#### [Work request]
Leave the pictures in the listing below aside and reproduce exactly the lines starting with the one with "Maruderm Nemlendirici Güneş" and going on through the one with "Catch Bag Pink", both ends included.

#### [Dataset content]
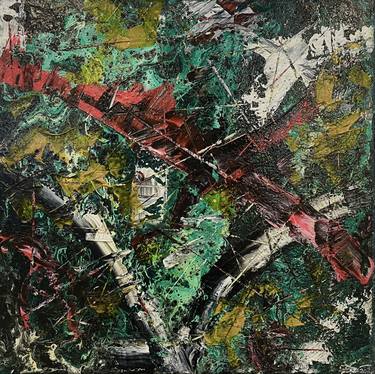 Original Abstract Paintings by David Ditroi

---

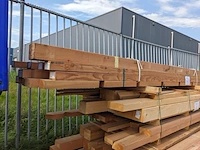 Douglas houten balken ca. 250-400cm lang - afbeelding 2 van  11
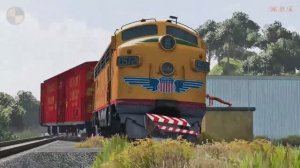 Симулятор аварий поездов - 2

--

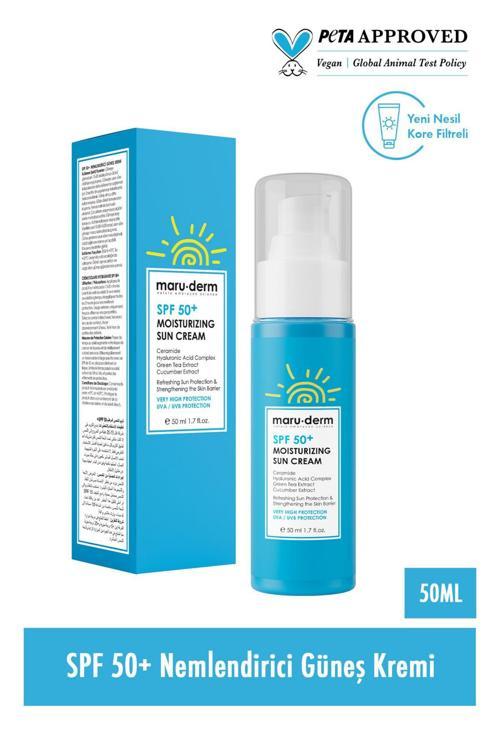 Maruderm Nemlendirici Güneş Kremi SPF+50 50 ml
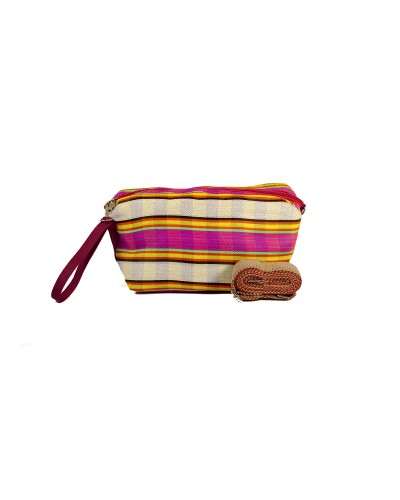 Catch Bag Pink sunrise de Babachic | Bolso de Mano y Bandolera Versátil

#### [Your solution]
 Maruderm Nemlendirici Güneş Kremi SPF+50 50 ml
 Catch Bag Pink sunrise de Babachic | Bolso de Mano y Bandolera Versátil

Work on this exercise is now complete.